(Intuition) Sözlükler “sezgi” kavramını “gerçeğin deney ya da akıl yürütme olmadan doğrudan doğruya kavranması” olarak tanımlar. Ancak “sezgi” de, akılcı düşünce gibi entelektüel bir faaliyetin ürünüdür. Sezgiler, beyinde duyguların öncelikli olduğu sağ yarımkürenin ve bilinçaltının ürünüdür. Beynin “bilinçli” sol yarısı ise mantıklı ve akılcı düşüncenin merkezidir. Sağ yarının ürettiği öneriler, sol yarımkürenin akıl ve mantık süzgecinden çoğu kez geçemez. Gözlem ve deneylerin ürünü olan bu öneriler yok edilmez ama öneriler bilinçaltına, zihnin “bodrum” katına atılır. Buradaki bilgileri biliriz ama bildiğimizi bilmeyiz. Bu nedenle bildiğimiz şeyler, bildiğimizi sandığımızdan çok daha fazladır.
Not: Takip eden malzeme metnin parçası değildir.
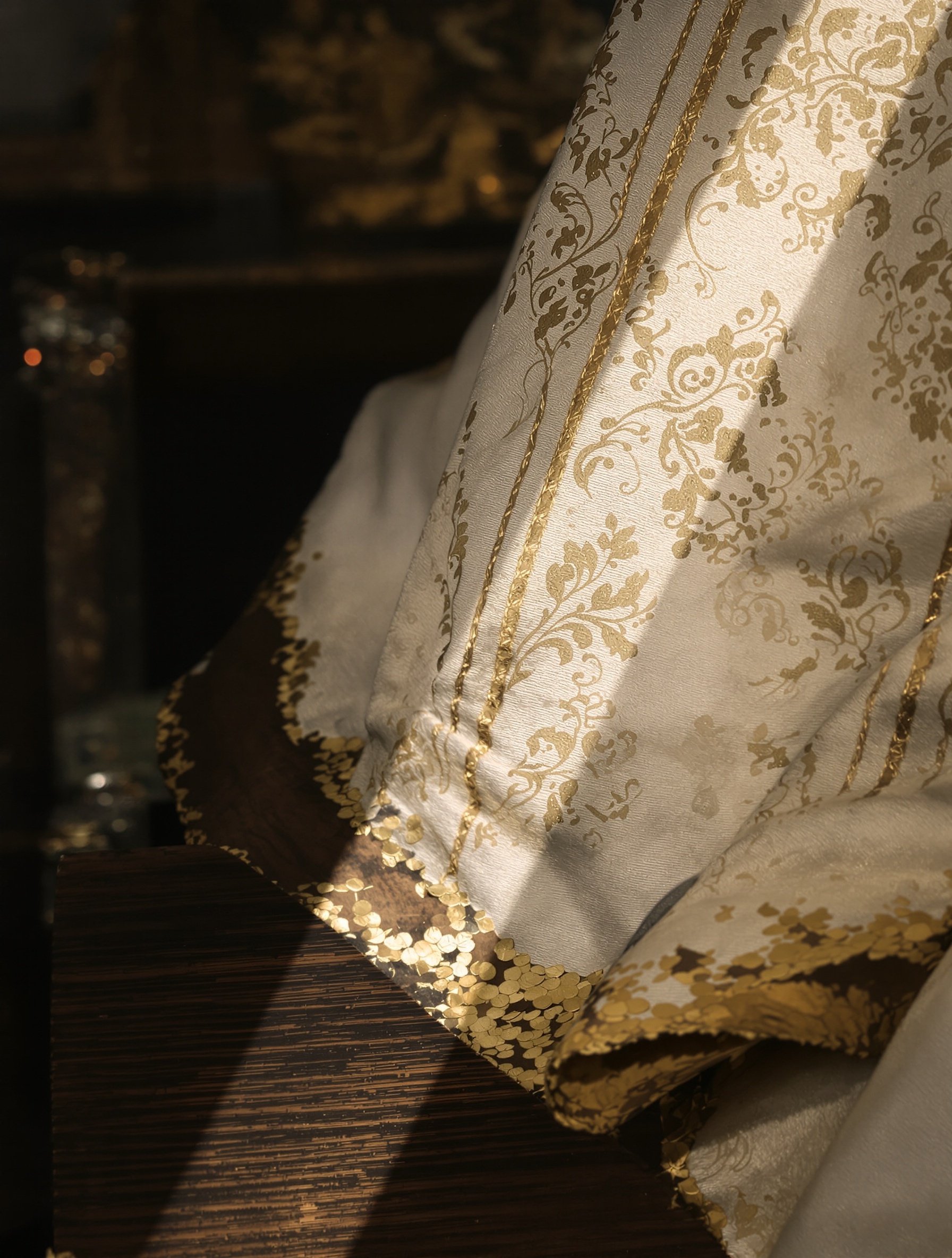 Extreme close-up of an ivory silk brocade vestment cope filmed with incense deposit and a dark labdanum smear at the hem, evoking the sacred material world of LAVS by Filippo Sorcinelli.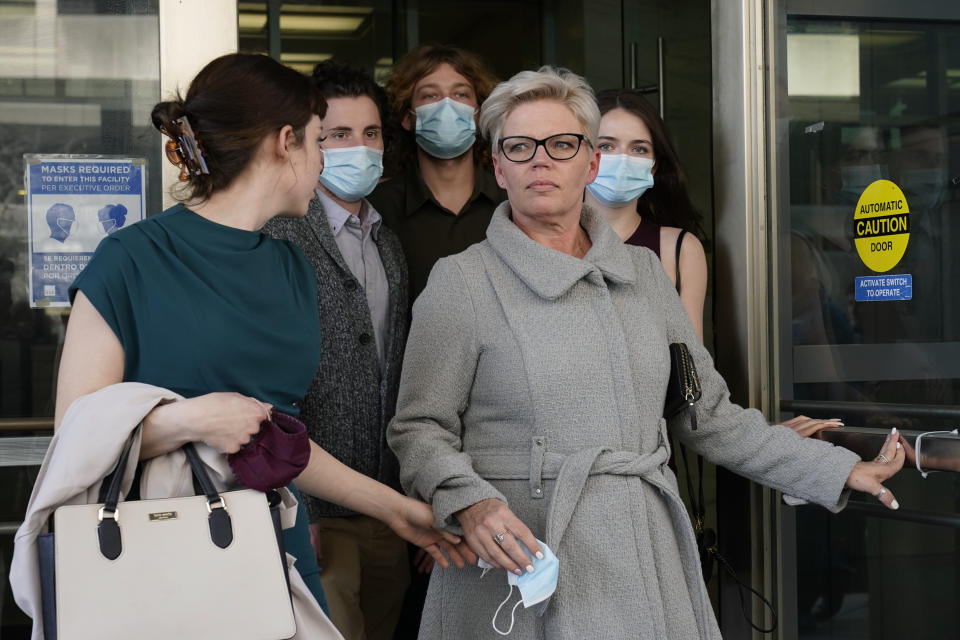 Nicole Reffitt, center, walks out of federal court in Washington on March 8, 2022. Her husband, Guy, was convicted on charges stemming from the Jan. 6, 2021, insurrection. 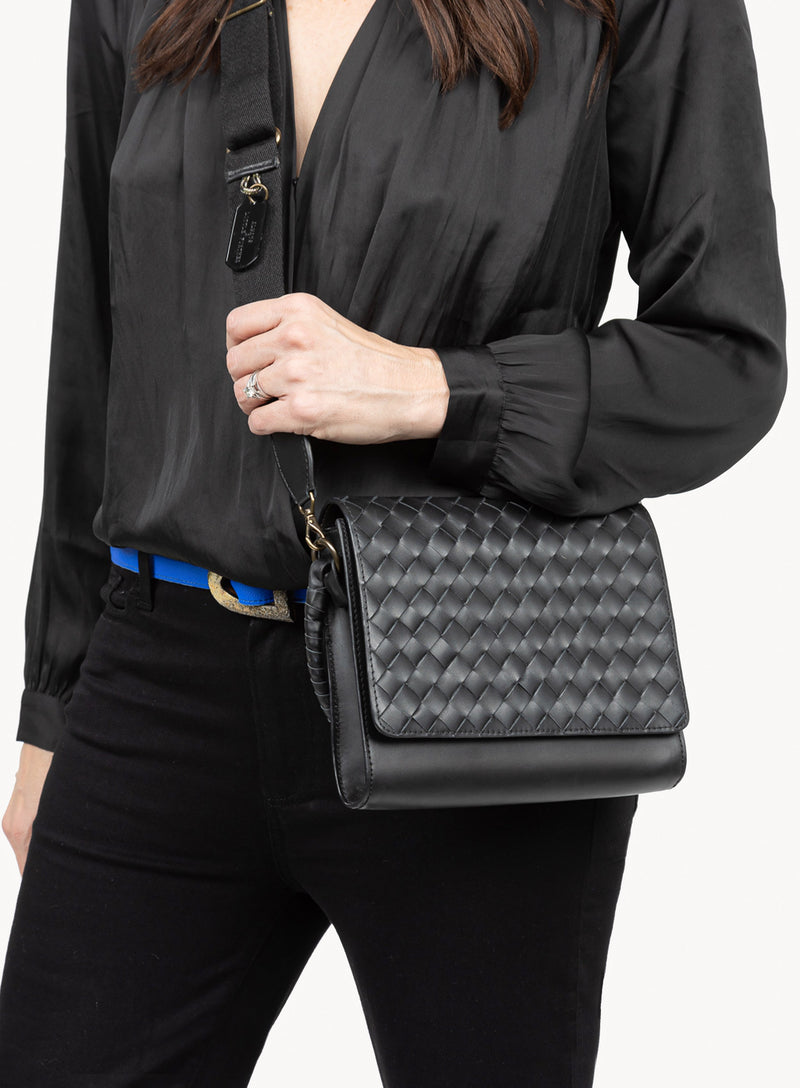 the colonel crossbody in black showcasing side-view of model holding the handbag and bag details.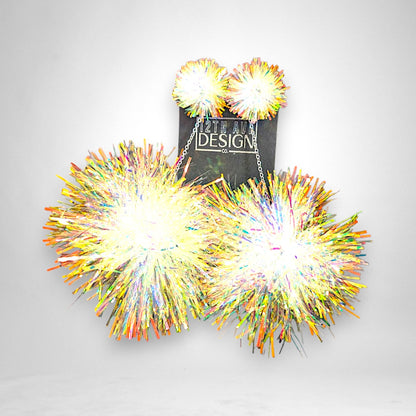 12th Ave Design Co. iridescent tinsel pompom earrings with silver chains and peace sign charms on display card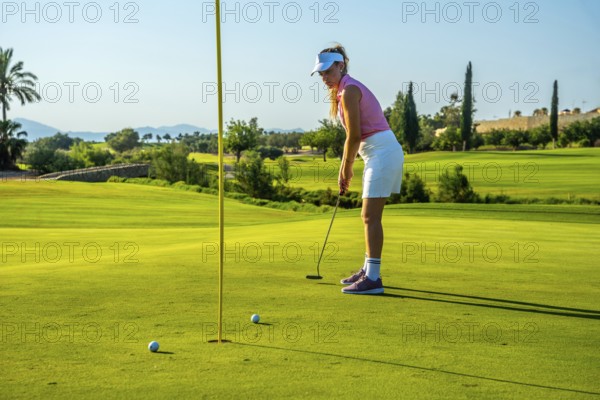 Professional golfer concentrating on putting the ball into the hole on a sunny day at the golf course
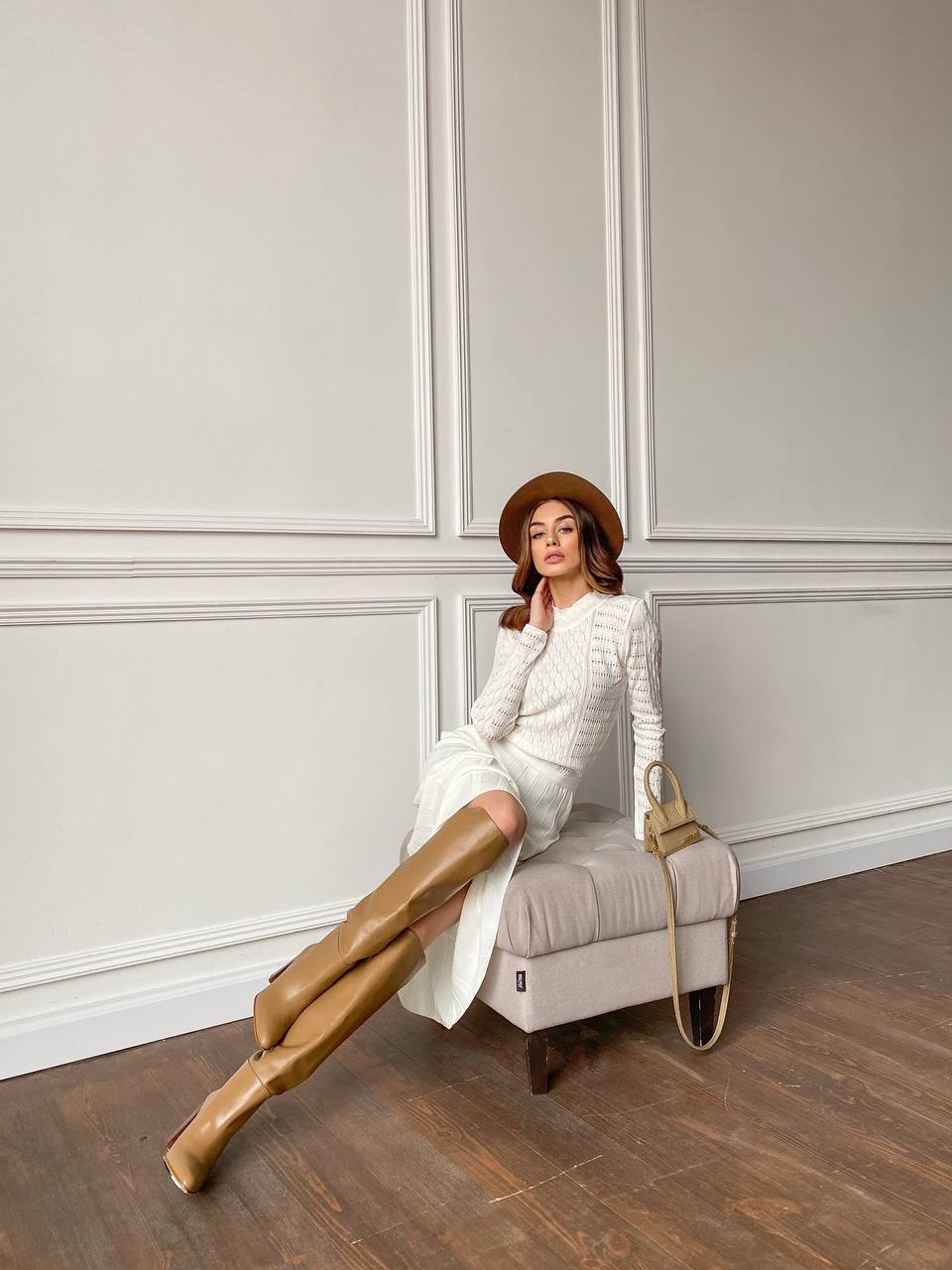 Woman sitting on a chair wearing a white outfit, brown boots, and a brown hat in a room with white paneled walls.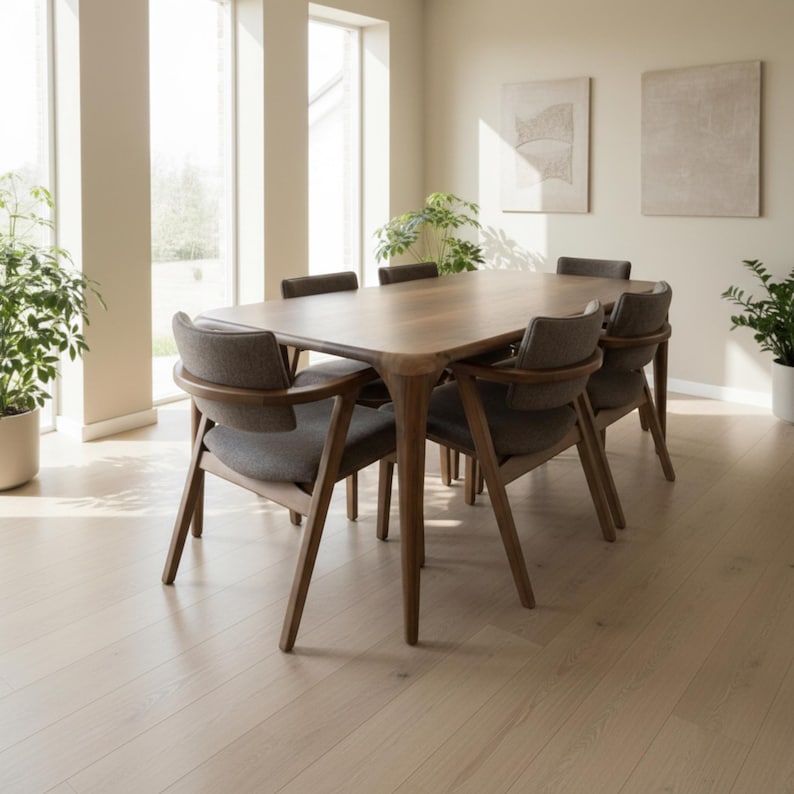 May include: A wooden dining table and six chairs. The table has a light brown surface and rounded edges. The chairs have grey upholstered seats and backs, with wooden frames. The room has light-coloured walls and flooring.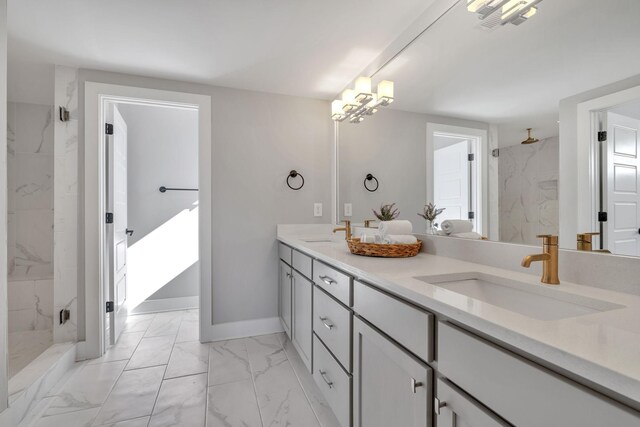 bathroom featuring a shower and vanity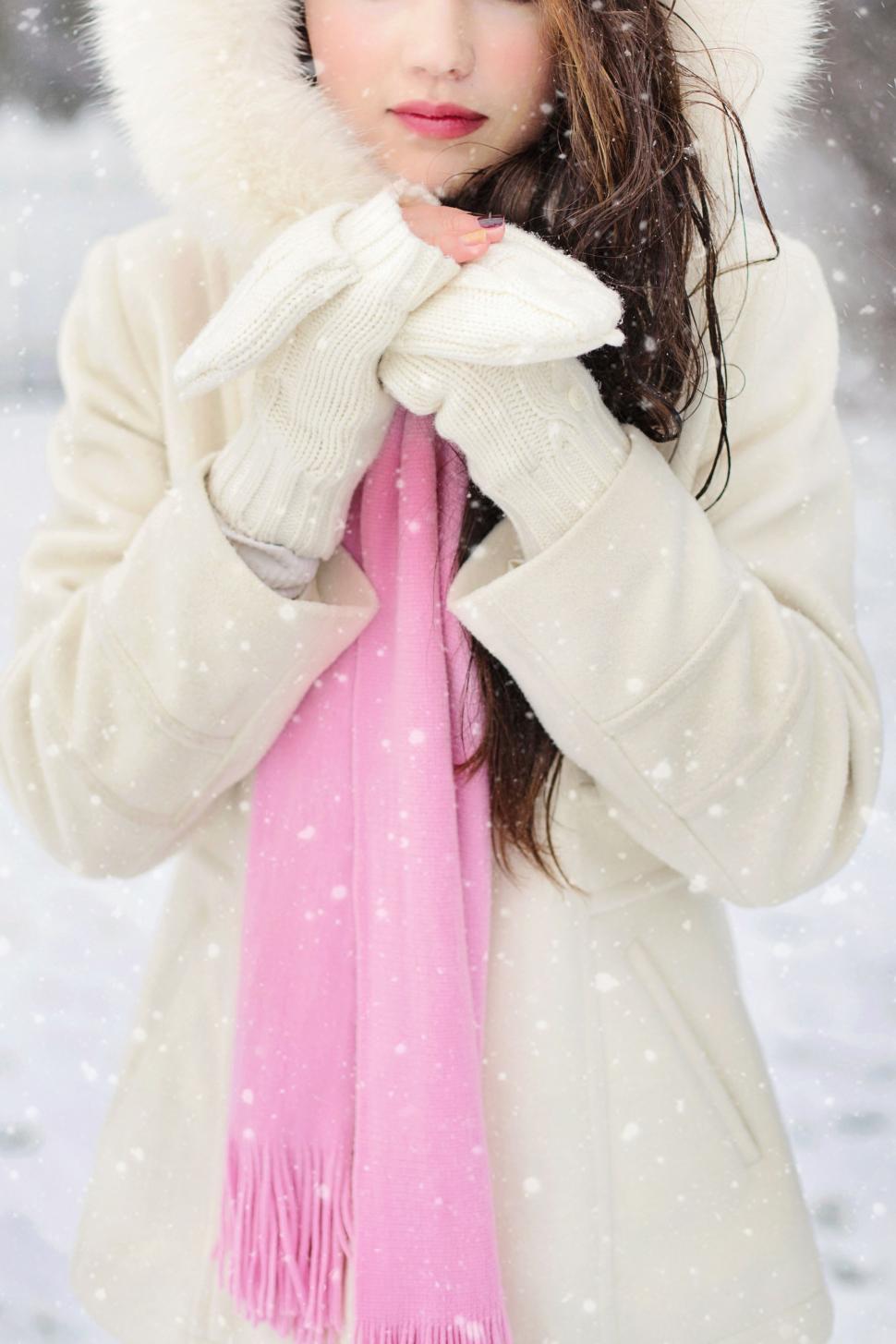 Free Stock Photo of Woman in white winter jacket in snow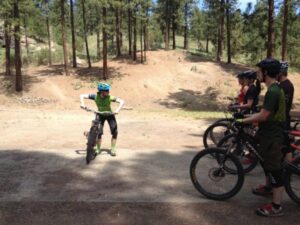 Dirt area of a park with a mountain biking instructor demonstrating a skill with a bike to a group of students.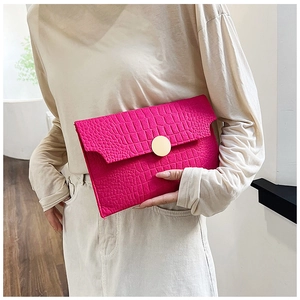 Detail of fuchsia crocodile texture envelope clutch bag with gold round metal buckle clasp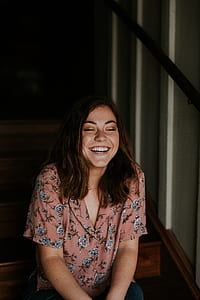 woman sitting on brown stairs while laughing thumbnail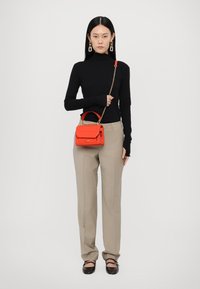 Rød læderhåndtaske med håndtag og kædestrop, der har en klaplukning. Modellen bærer en sort turtleneck og beige bukser.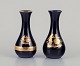 Limoges, France. Two porcelain vases decorated with 22-karat gold leaf and 
beautiful royal blue glaze. Scène galante.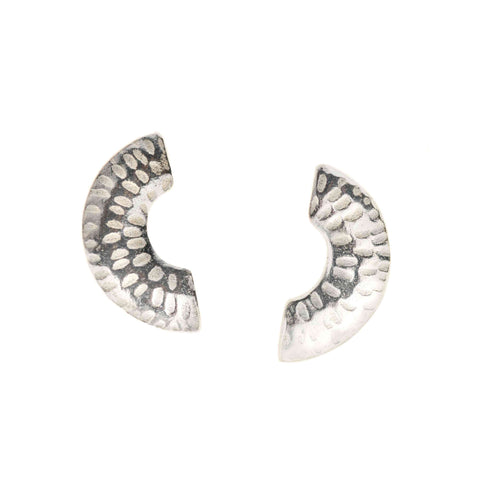 Pair of silver stud earrings with textured design in the shape of a semi-circle on a white background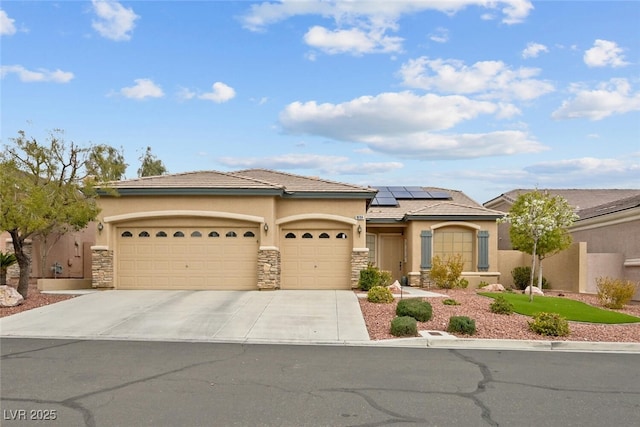 view of front facade featuring a garage, stone siding, driveway, and stucco siding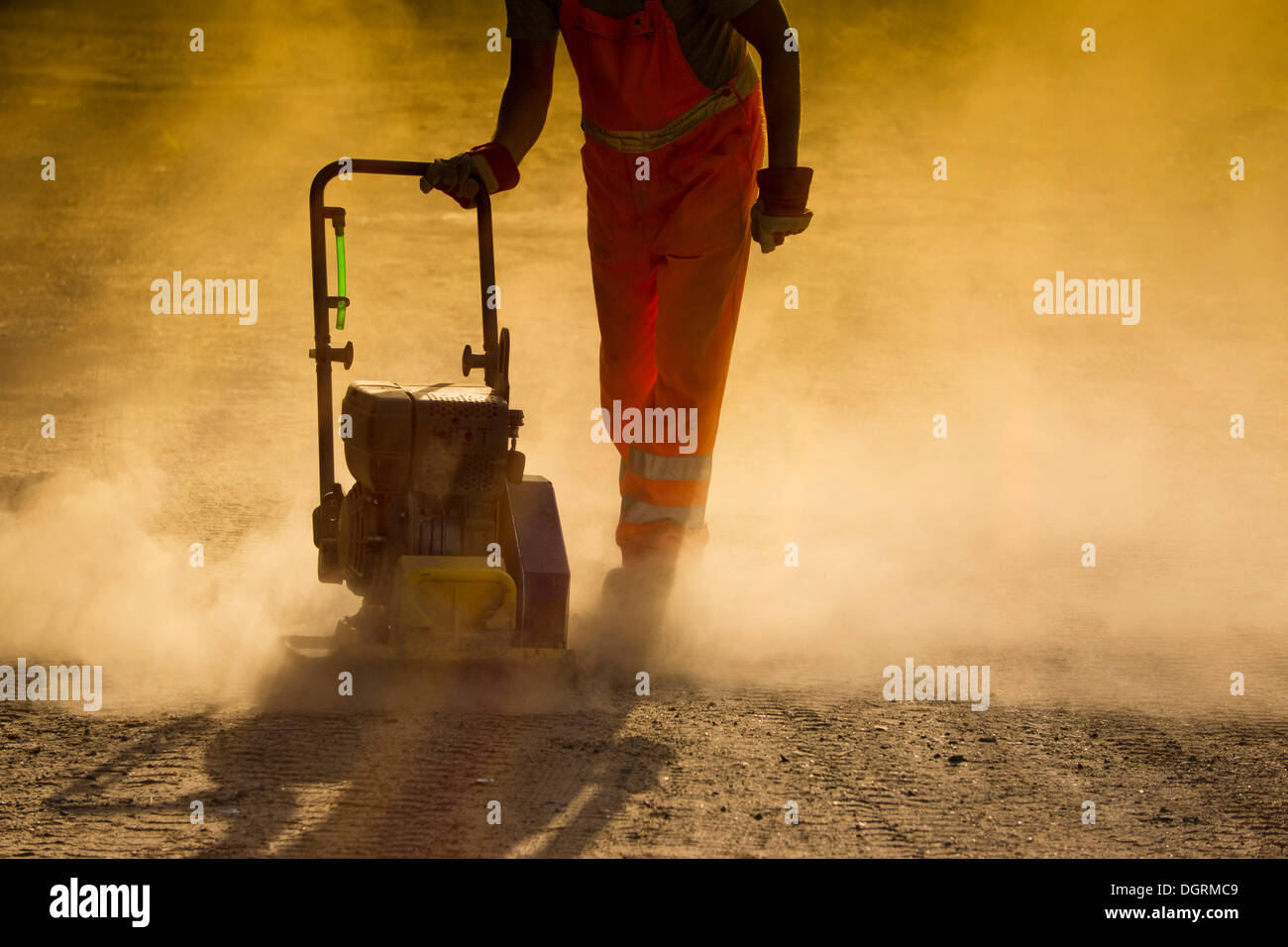 Road worker operating a plate vibrator to compress a dusty road, Hesse, PublicGround Stock Photo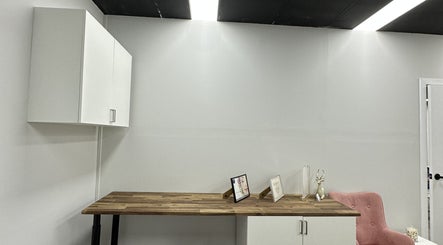 Modern workspace at Lash.PrettyUp with wooden desk and pink chair, Melbourne, Victoria, AU.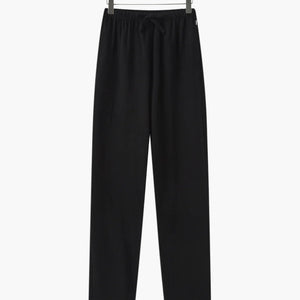Black casual drawstring pants hanging on wooden hanger for comfortable everyday wear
Ünlü İngiliz yazar Agatha Christie’nin kadınların sezgilerinin neden güçlü olduğunu açıklayan şu sözü de aynı gerçeği vurgulamaktadır: “Kadınlar, farkında olmadan bin bir küçük ayrıntıyı zihinlerine kaydeder. Bu küçük şeyler, kadın zihninin bilinçaltında bir araya getirildiğinde biz ona ‘sezgi’ deriz.” Bazen bireylerin önüne önemli, karmaşık ve çok unsurlu bir sorun ortaya çıkar ve sol yarımkürenin bilinçli karar alma süreci, tüm akılcı düşünce yeteneğine rağmen soruna bir çözüm bulamaz. İşte tam bu noktada bilinçaltı ve sezgi devreye girer. Beynin sağ yarısı, bilinçaltında yıllardır biriken deneyimlerden, gözlemlerden yararlanarak, kısa sürede bütünsel bir çözüm önerir. Bilinçaltındaki gözlem ve deneyimler ne kadar fazlaysa, önerilen çözüm de o ölçüde isabetli olur. Beynin sağ bölümünden kaynaklanan bu sonuç, mantıklı düşüncenin olağan yollarından değil, duyguların ifade edildiği kanallardan gelir. Bu nedenle sezgiler çoğu kez duygularla karıştırılır, insanlar içlerinden gelen bu sesi bazen “duygu” veya “altıncı his” olarak niteler. Stresli durumlarda veya aşırı iyimser veya kötümser bir ruh hali içinde bulunanlar duygular ile gerçek sezgileri ayırmakta zorluk çeker. Gelip geçici duygular ile hayatın bilgilerinden süzülen sezgileri ayırmasını bilenler, “bilgelik” konusunda ilk adımı atmış olur.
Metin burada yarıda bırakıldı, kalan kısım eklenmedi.